Exercise brief:
Print a faithful copy of the data below, word for word, with the pictures left out.
(Data excerpt Opens)
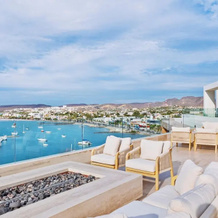 Live Aqua Private Residences La Paz, Ла-Пас — фото 5
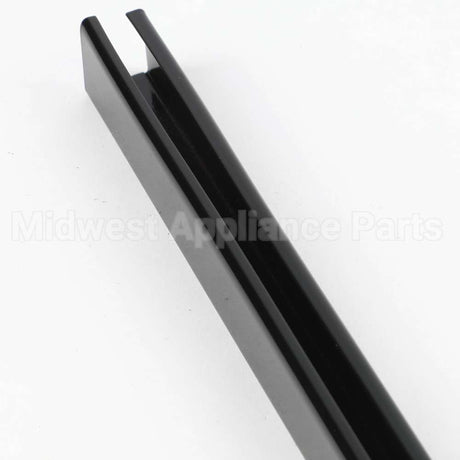 W10756502 Whirlpool Trim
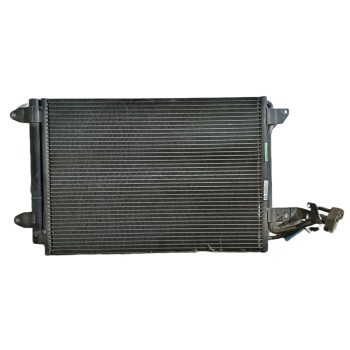 CONDENSADOR / RADIADOR AIRE ACONDICIONADO 150414161 B10054599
(Data excerpt Closes)
Answer for this exercise:
 Live Aqua Private Residences La Paz, Ла-Пас — фото 5
 W10756502 Whirlpool Trim
 CONDENSADOR / RADIADOR AIRE ACONDICIONADO 150414161 B10054599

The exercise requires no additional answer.